Your copy should contain exactly the lines from the one that holds "Апартаменты LUX studio" through the end of the material, reproduced as written, with no pictures.

_DATA PROVIDED:_
>>>>>

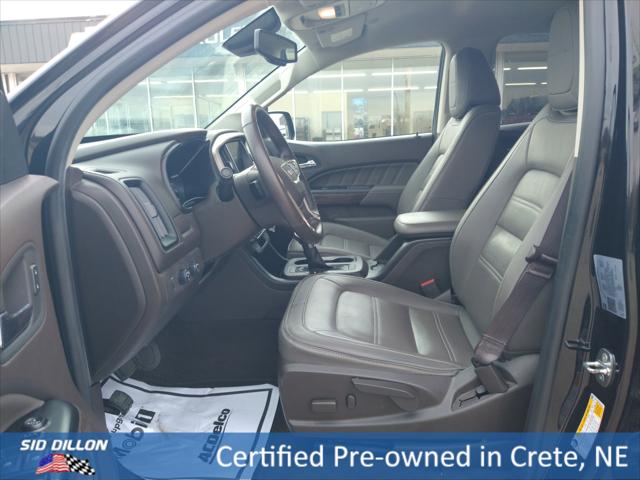 2022 GMC Canyon 4WD Crew Cab Short Box Denali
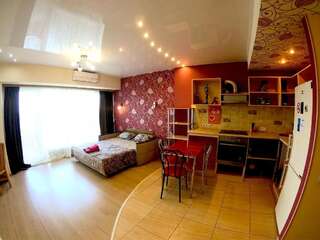 Апартаменты LUX studio river view 24 floor - Kirova 27D Днепр Апартаменты Делюкс-17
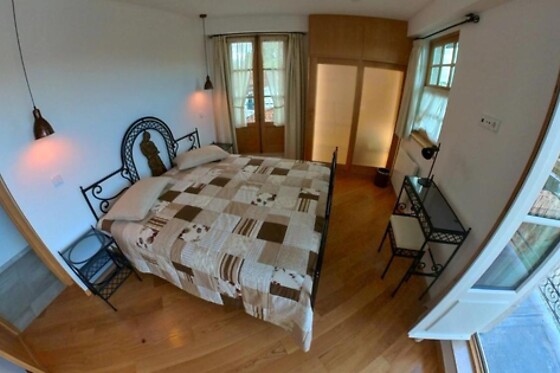 Uma noite em apartamento para 2 em Casa Guardião em Chaves (Vila Real)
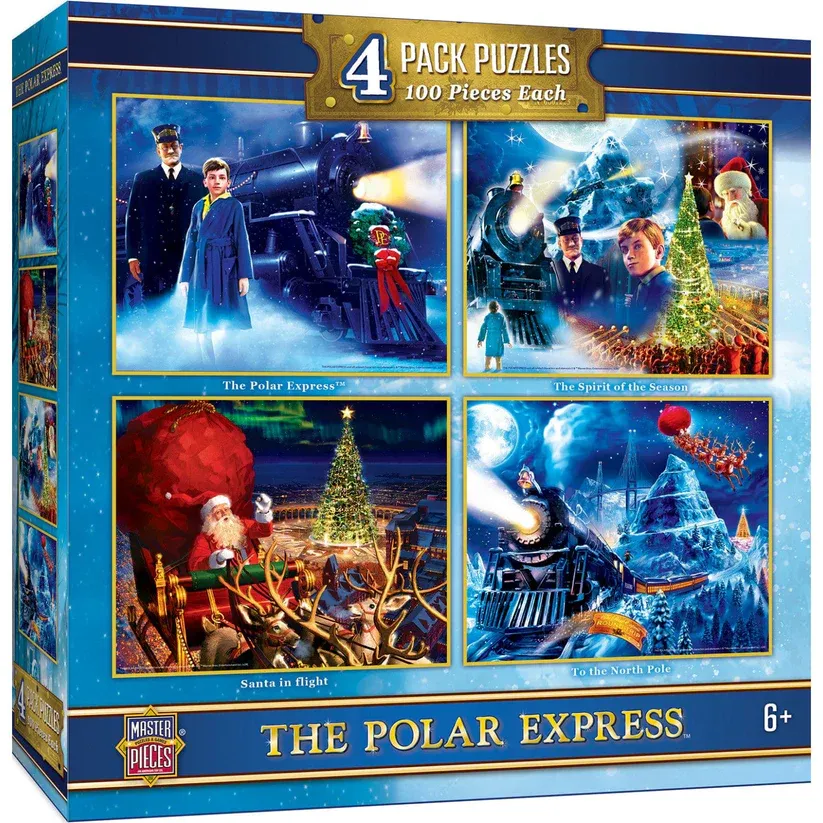 polar express 4-Pack 100 pc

<<<<<

_RESPONSE:_
 Апартаменты LUX studio river view 24 floor - Kirova 27D Днепр Апартаменты Делюкс-17
 Uma noite em apartamento para 2 em Casa Guardião em Chaves (Vila Real)
 polar express 4-Pack 100 pc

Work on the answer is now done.